> _Dataset content_:

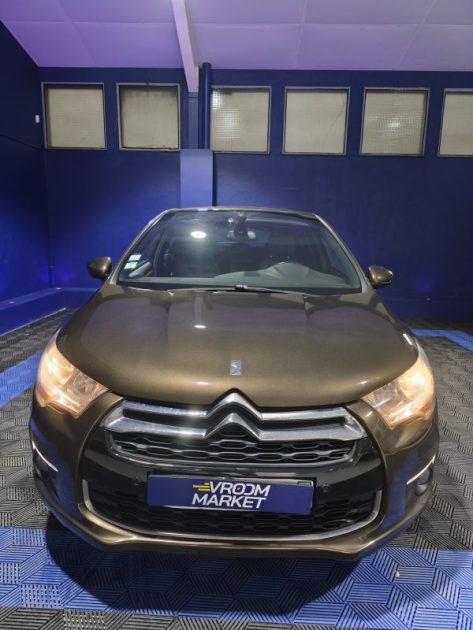 CITROEN CITROEN DS4 1.6 THP 200CV - FINITION SPORT CHIC - FAIBLE KILOMETRAGE  1.6 THP 200CH SPORT CHIC 2012
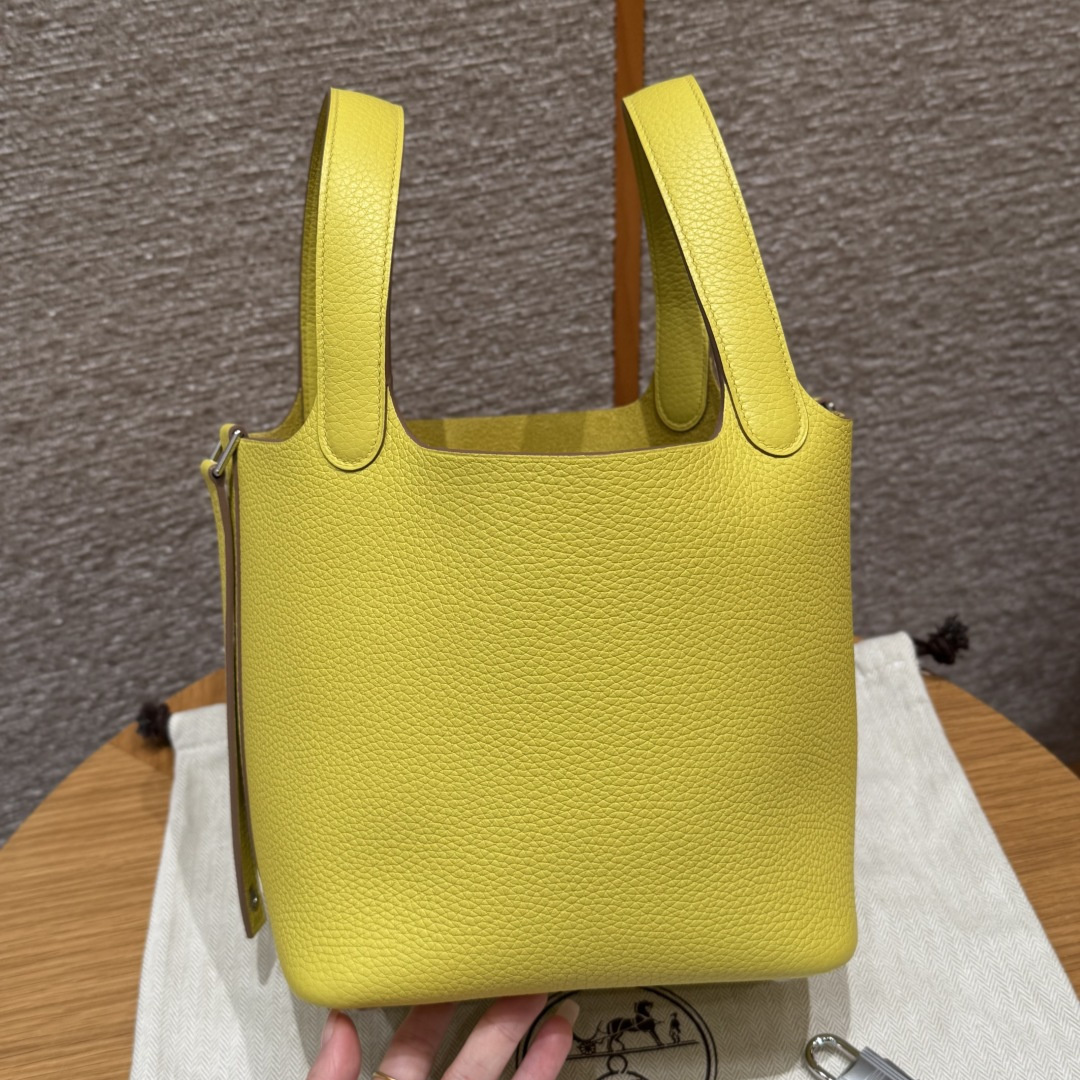 高仿Hermes*Picotin Lock18系列H56289TC9R檸檬黃牛皮銀扣純手工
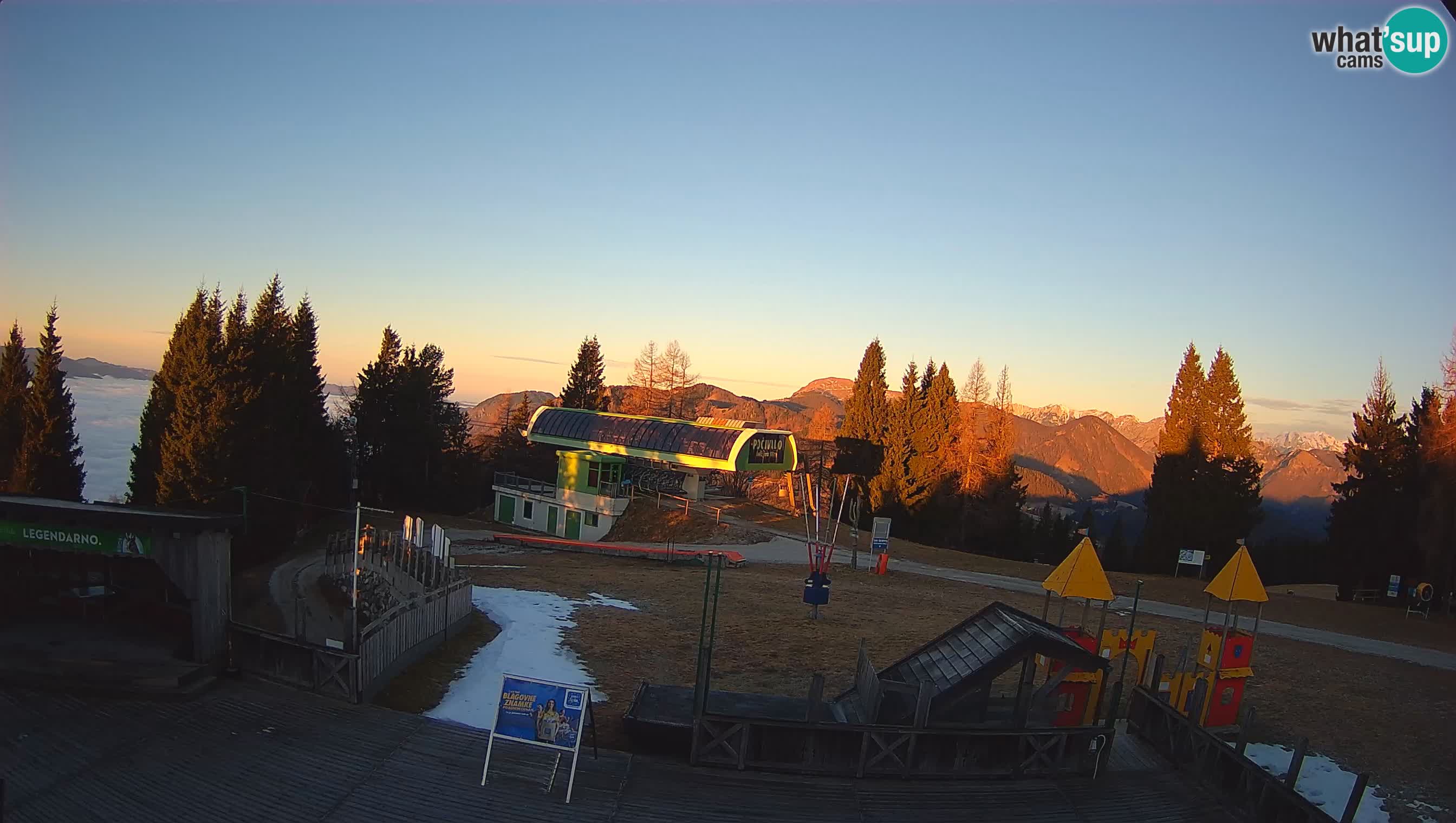 Spletna kamera Počivalo – Alpska Perla | Pogled v živo iz smučišča Cerkno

> _Aim of the task_: Quote everything in the listing above exactly; pictures are the only thing to omit.

> _Answer to this problem_:
 CITROEN CITROEN DS4 1.6 THP 200CV - FINITION SPORT CHIC - FAIBLE KILOMETRAGE  1.6 THP 200CH SPORT CHIC 2012
 高仿Hermes*Picotin Lock18系列H56289TC9R檸檬黃牛皮銀扣純手工
 Spletna kamera Počivalo – Alpska Perla | Pogled v živo iz smučišča Cerkno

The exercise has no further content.